(Captioned web images)
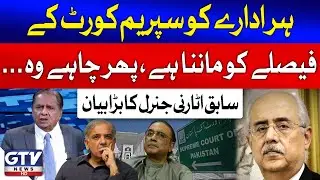 Former Attorney General Anwar Mansoor Khan Straight Answer on Supreme Court Orders | Mujahid Barelvi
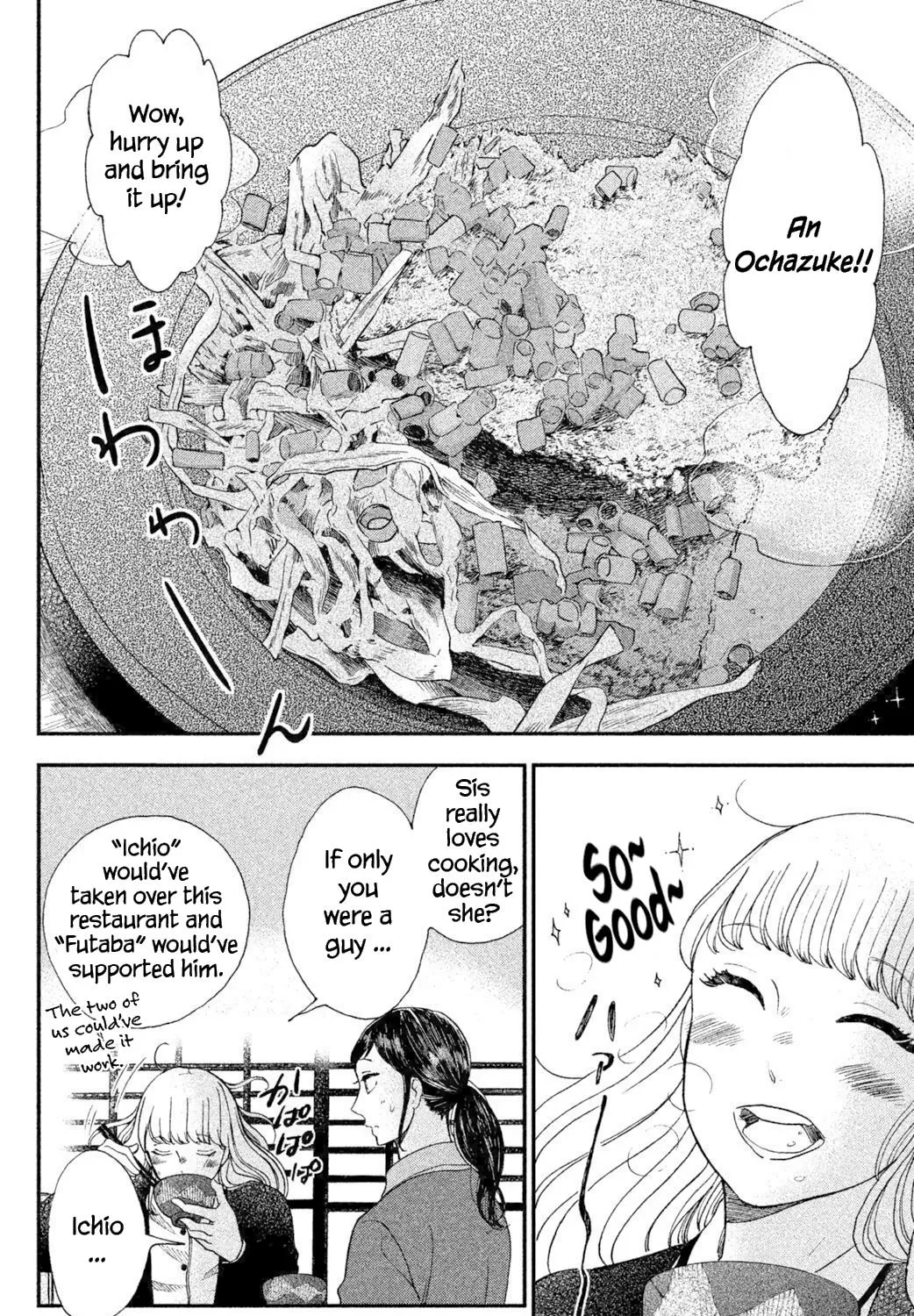 Knife and Pepper - Ichika's Cookbook - Chapter 1 - Page 59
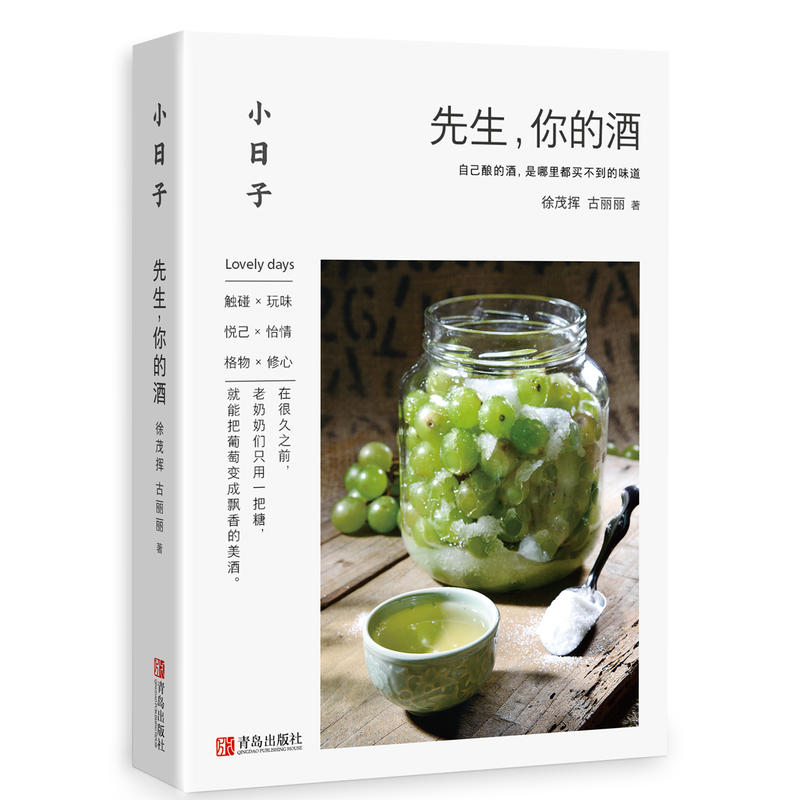 技艺配方饮品书自制米酒葡萄酒花酒清酒粮食酒果酒酿造技术大全配方学习古法酿酒家庭个人自制酿酒书籍酒你小日子先生
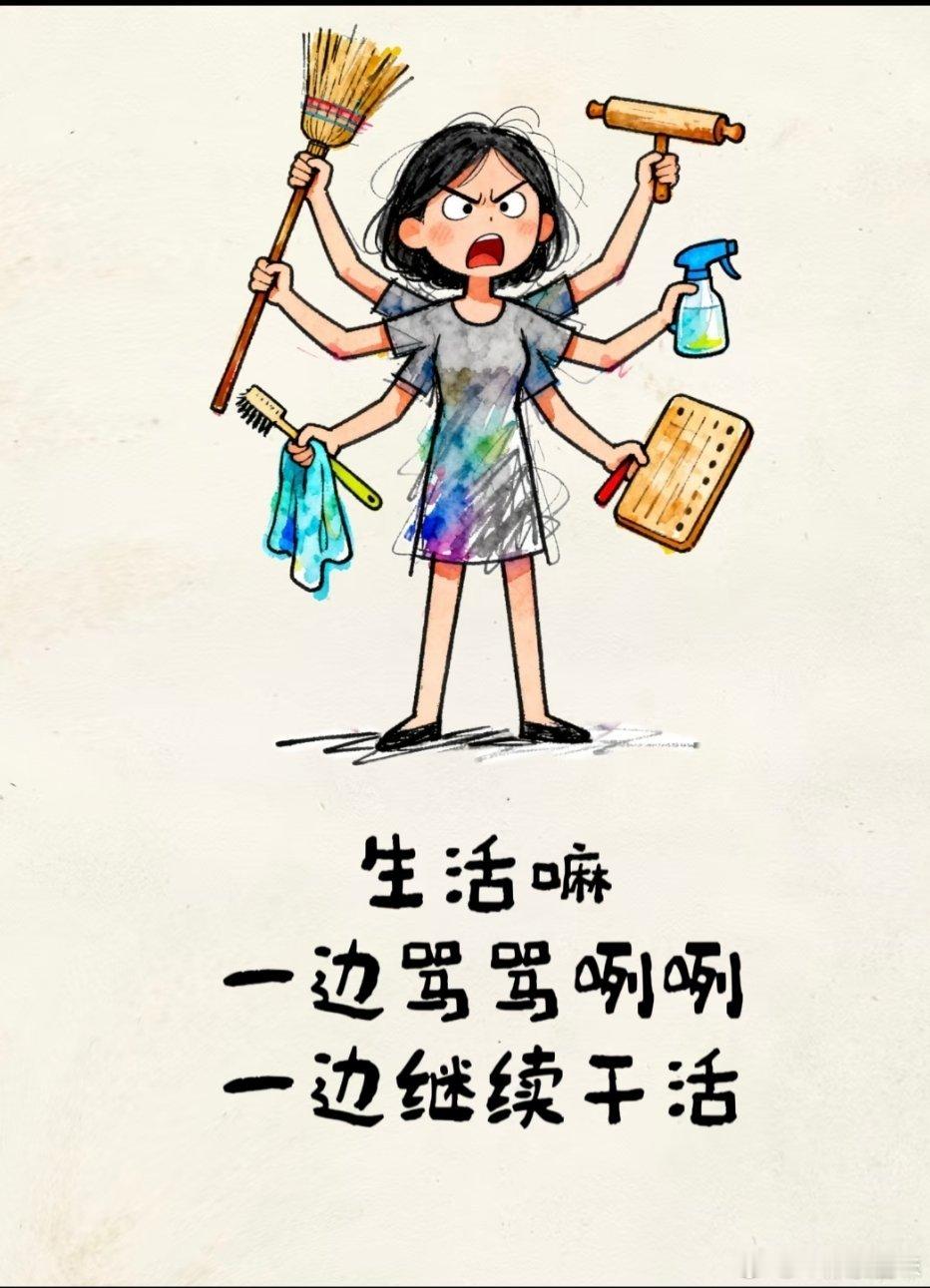 早啊，周五啦，又是忙活的一天，打扫卫生，做好吃的等孩子们回来吃！ 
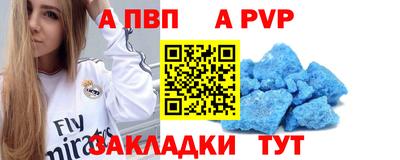 марки nbome Усть-Джегута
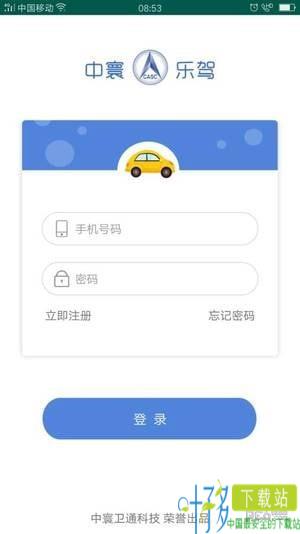 中寰乐驾下载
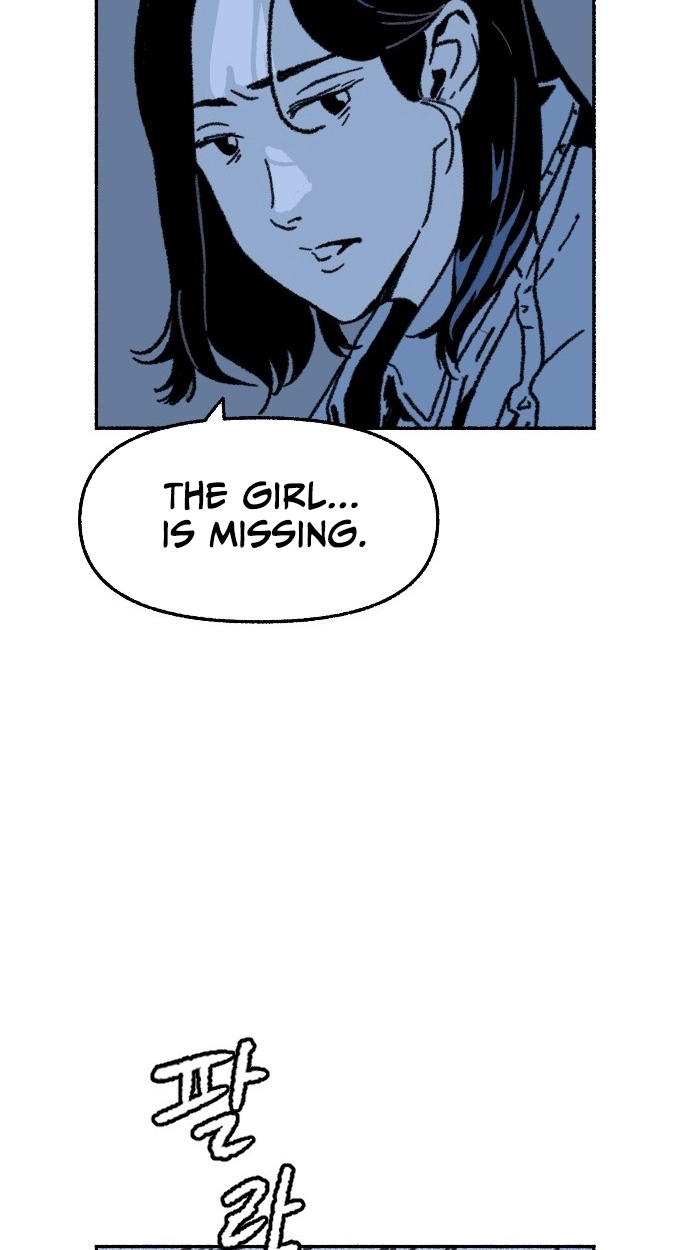 My Child Was Abducted by Aliens Chapter 3 page 57 - 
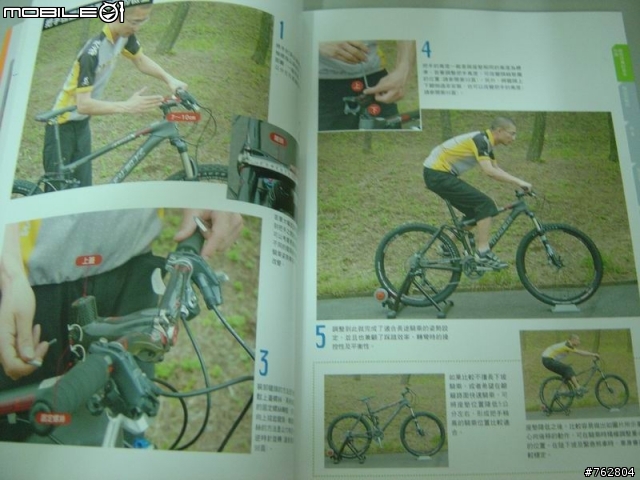[分享+推薦]_一本關於登山車的好書~MTB 保養&維修 完全BOOK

■ Problem statement: Retype every entry exactly as written, but omit the pictures.

■ Answer space:
 Former Attorney General Anwar Mansoor Khan Straight Answer on Supreme Court Orders | Mujahid Barelvi
 Knife and Pepper - Ichika's Cookbook - Chapter 1 - Page 59
 技艺配方饮品书自制米酒葡萄酒花酒清酒粮食酒果酒酿造技术大全配方学习古法酿酒家庭个人自制酿酒书籍酒你小日子先生
 早啊，周五啦，又是忙活的一天，打扫卫生，做好吃的等孩子们回来吃！ 
 марки nbome Усть-Джегута
 中寰乐驾下载
 My Child Was Abducted by Aliens Chapter 3 page 57 - 
[分享+推薦]_一本關於登山車的好書~MTB 保養&維修 完全BOOK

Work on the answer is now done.